Data sharing is an essential part of scientific research and collaboration and is a core principle of federally-funded research efforts, especially for large consortia (e.g. NIH BRAIN Initiative, NIH SPARC program, etc.). However, there are some issues around data sharing that can cause scientists to be hesitant to share their data. For example, many scientists receive research funding based on novel discoveries and innovations they make in their fields. Unregulated, public data sharing can allow other researchers to potentially "scoop" the findings of these scientists and disadvantage their chance at future funding. Furthermore, scientists may not want to share their data with others to avoid losing potential intellectual property (IP) claims on their discoveries. In an ideal world, all scientists and researchers would behave fairly towards their peers, but this is not a practical approach.
Data use agreements (DUAs) are a major way to protect the investment of money, samples, time, and other resources spent by researchers. Some data may be under embargo for a certain time, meaning that it’s submitted to public repositories but not available for download. Typically, if researchers want to access embargoed data, they can sign a DUA when requesting access from the data owners.

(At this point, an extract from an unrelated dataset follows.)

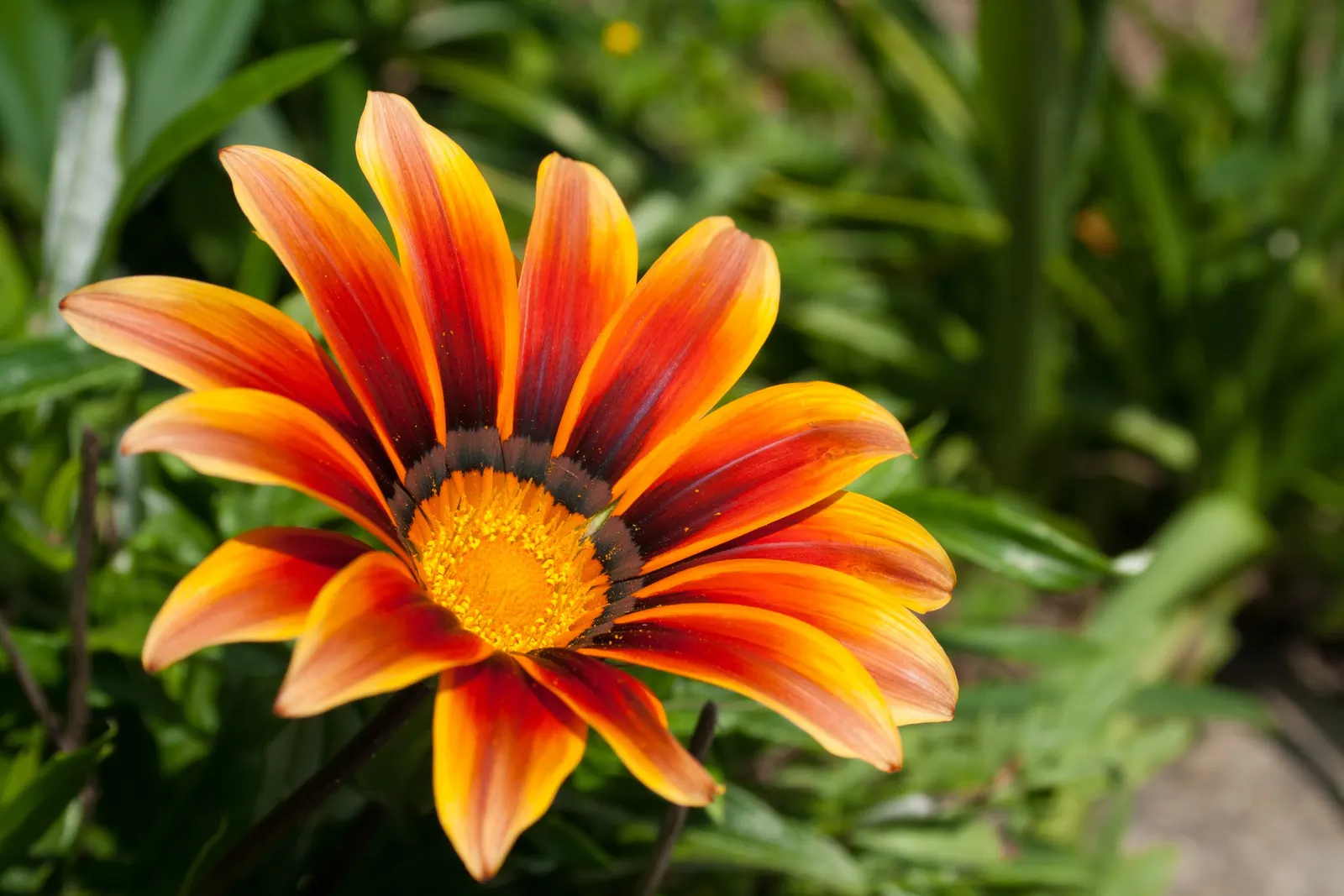 Trailing Gazania (Gazania Rigens) — adding a burst of color with minimal maintenance; offering a lengthy display of color.<br><br>For the landscape, image 78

The DUA establishes who is permitted to use and receive the embargoed data and also details the permitted uses and disclosures of such information by the recipient. Furthermore, the DUA usually demands that the recipients:
not use or disclose the information other than as permitted by the DUA or as otherwise required by law,
use appropriate safeguards to prevent uses or disclosures of the information that are inconsistent with the DUA,
report to the data owner any uses or disclosures that are in violation of the DUA once they are aware of them,
ensure that anyone to whom they provide the data agree to the same restrictions and conditions
In conclusion, DUAs allow for the free exchange of research data and information while protecting the investment and efforts spent by the scientists who generated the data.